Figure 3.14: Compton Scattering.

Compton scattering occurs when X-rays scatter off electrons in ordinary matter. The result is an increase in the wavelength of the scattered X-rays. This increase is inexplicable within the context of classical physics, which predicts that radiation that scatters off a stationary target should suffer no change in wavelength. In fact, as we shall explain, this effect can be explained in terms of the scattering of individual X-ray photons by individual electrons.

Consider the situation, illustrated in Figure 3.14, in which an X-ray photon of momentum ${\bf p}_\gamma$ collides with a stationary electron of rest mass $m_e$. After the collision, the momentum of the photon is ${\bf p}_\gamma'$, and the recoil momentum of the electron is ${\bf p}_e'$. Conservation of momentum in the collision requires that

$${\bf p}_\gamma = {\bf p}_\gamma' +{\bf p}_e'.$$ (3.224)

However, we know that

$${\bf p}_\gamma =\hbar\,{\bf k},$$ (3.225)

$${\bf p}_\gamma' =\hbar\,{\bf k}',$$ (3.226)

$${\bf p}_e' =\gamma\,m_e\,v,$$ (3.227)

where ${\bf k}$ and ${\bf k}'$ are the photon's initial and final wavevector, respectively, $v$ is the electron's recoil speed, and $\gamma=(1-v^2/c^2)^{-1/2}$. [See Equations (3.162) and (3.200).] Thus, we obtain

$${\bf k}- {\bf k}' = \frac{m_e\,c}{\hbar}\,\gamma\,\frac{v}{c}.$$ (3.228)

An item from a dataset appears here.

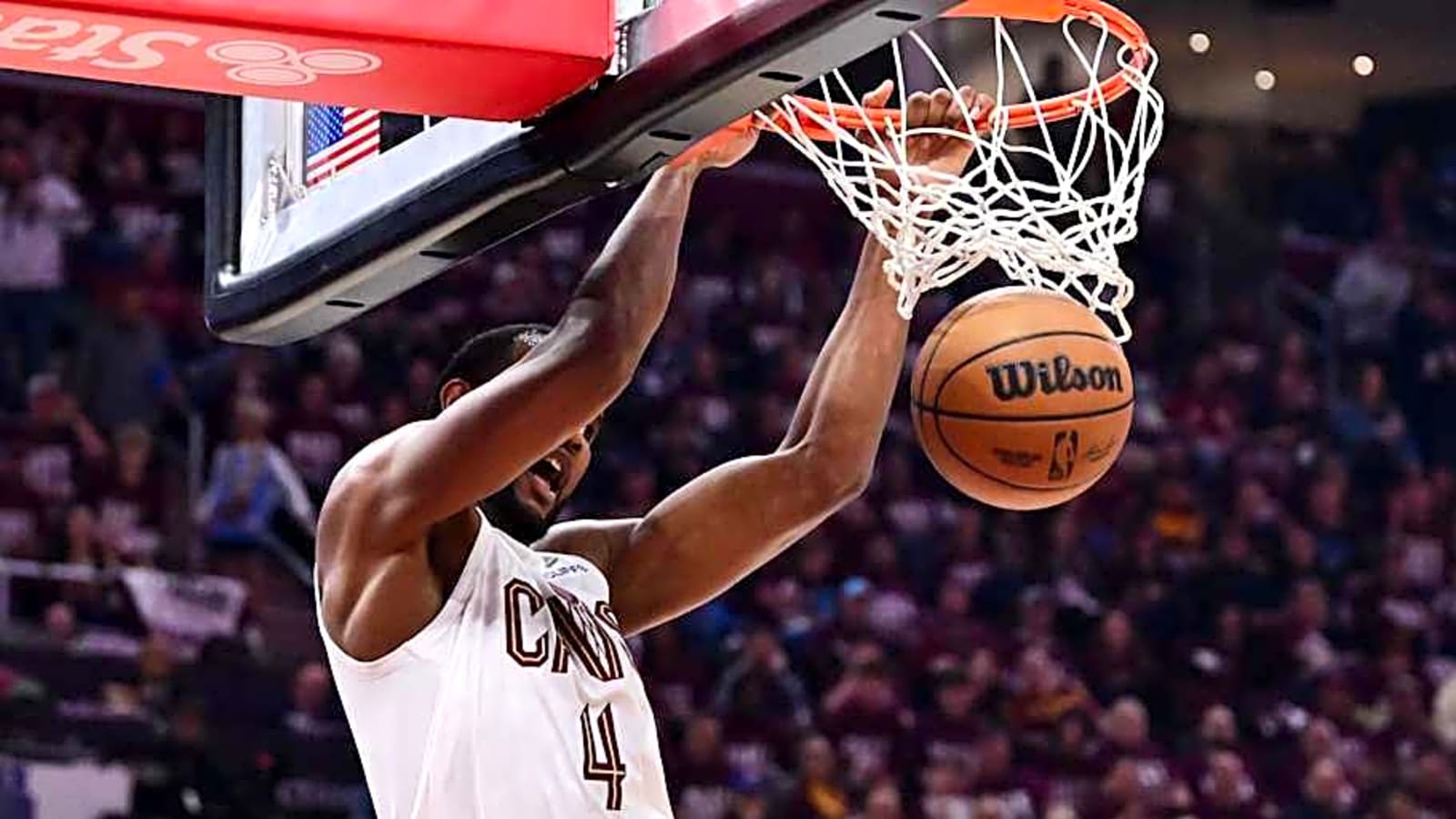 Former Cavaliers Forward Speaks on Potential Evan Mobley-Giannis Antetokounmpo Trade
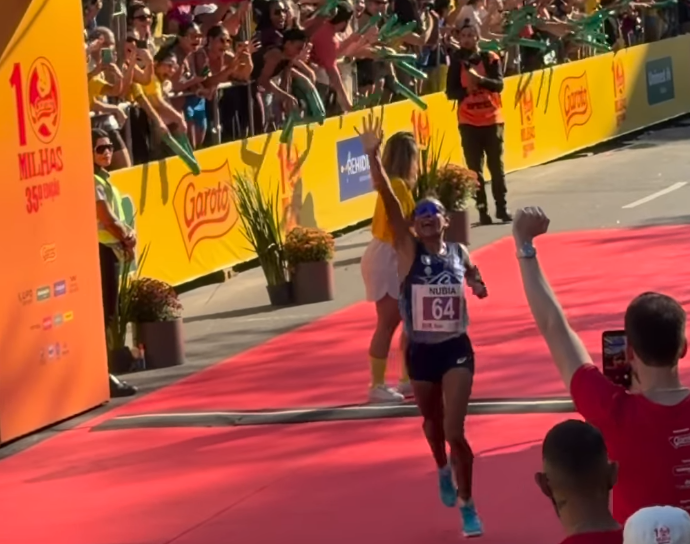 Núbia de Oliveira consolida melhor fase da carreira e é bicampeã de prova no ES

The previous equation yields

$$\vert{\bf k}-{\bf k}'\vert^2 = \left(\frac{m_e\,c}{\hbar}\right)^... ...\,\frac{v^2}{c^2} = \left(\frac{m_e\,c}{\hbar}\right)^2\left(\gamma^2-1\right),$$ (3.229)

or

$$k^2 - 2\,k\,k'\,\cos\theta+k'^{\,2} = \left(\frac{m_e\,c}{\hbar}\right)^2\left(\gamma^2-1\right).$$ (3.230)

Here, $\theta$ is the angle through which the photon is scattered (i.e., the angle subtended between ${\bf k}$ and ${\bf k}'$). See Figure 3.14.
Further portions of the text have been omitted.